Today the Pensions Regulator (TPR) issued a statement to employers who sponsor defined benefit (final salary) pension schemes that it will look closely at company plans to cut cash contributions to schemes with a funding deficit if they are still paying dividends to shareholders.  

The statement also says that TPR recognises that current economic conditions are of real concern to employers and it seeks to reassure scheme sponsors that the current scheme funding regime is sufficiently flexible to cope with the economic downturn. Where a sponsoring company is under financial pressure, there is potential to renegotiate previously agreed recovery plans and trustees (who are unsecured creditors of the sponsor) should be in a position to understand what is reasonably affordable for their scheme’s employer. Trustees need to assess whether the problem is short-term or more significant, which TPR accepts is a difficult assessment to make. However, TPR is keen to ensure that all unsecured creditors must be treated fairly and that the pension scheme should not be disadvantaged (in particular, as aforementioned, in comparison to shareholders).  

TPR will maintain what it describes as its pragmatic flexibility in regulating the scheme funding regime and will continue to look for outcomes that are in the best interests of both employers and the schemes they sponsor.  

Commenting on the statement, David Norgrove, Chairman of TPR, said:  

“Trustees of pension schemes in deficit are unsecured creditors of their sponsoring employer. We are sensitive to the pressures many of these employers face in current economic conditions with falling asset prices and increasing deficits.
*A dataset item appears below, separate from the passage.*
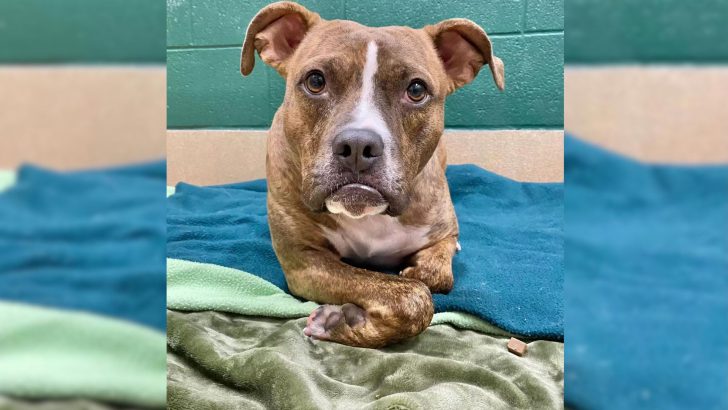 Pouty Dog Has Been Looking For A Forever Home For 400 Days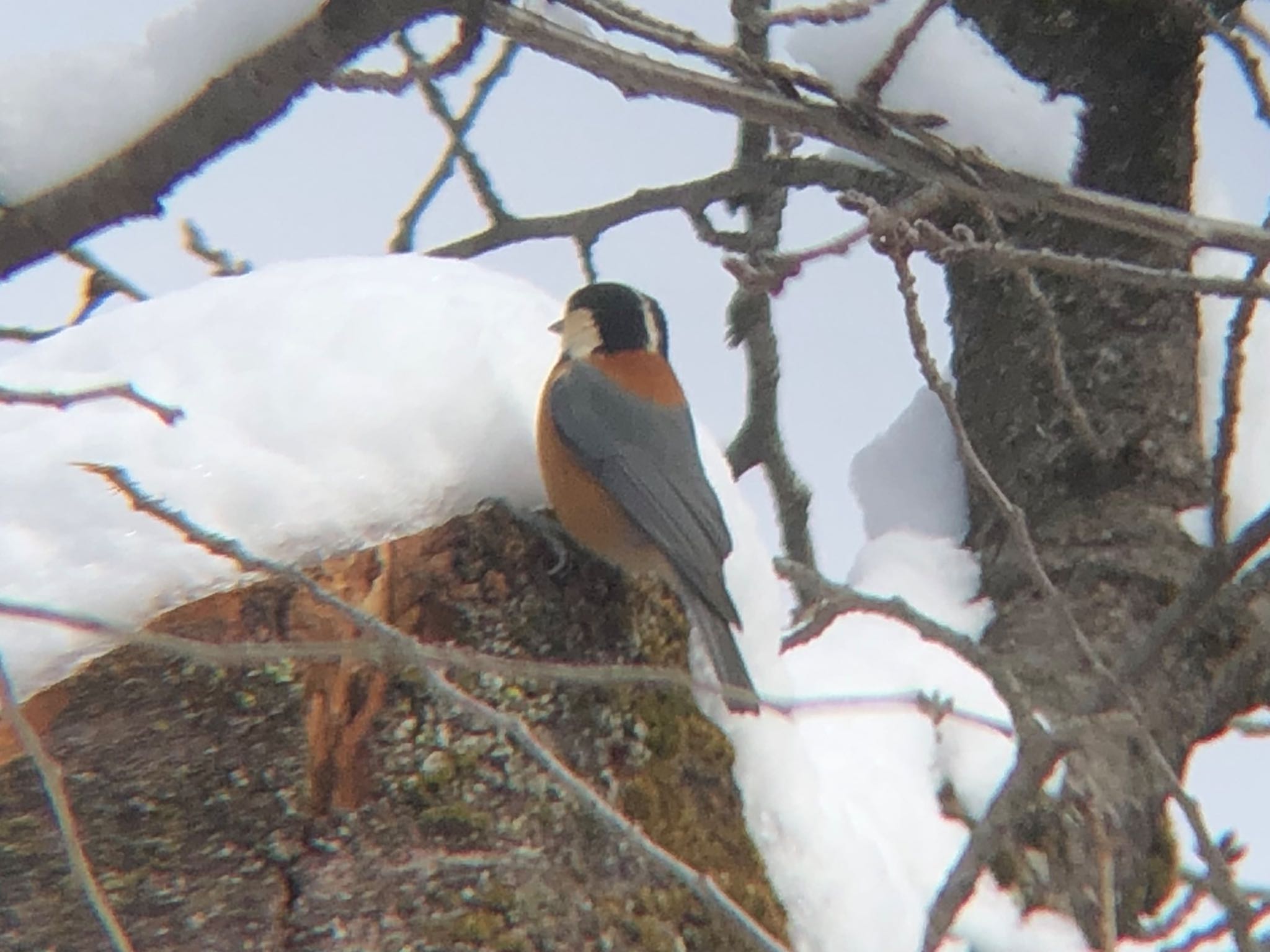 Varied Tit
There is no reason why a pension scheme deficit should push an otherwise viable employer into insolvency but the pension scheme recovery plan should not suffer, for example, in order to enable companies to continue paying dividends to shareholders.  

Any employer who believes that an existing recovery plan is at serious risk of jeopardising the company’s future health or solvency should discuss this with their pension scheme trustees and we would encourage schemes and sponsors to talk to us if they have concerns.”  

Trustees and employers should remember that if any changes are made to the scheme’s recovery plan, TPR should be informed.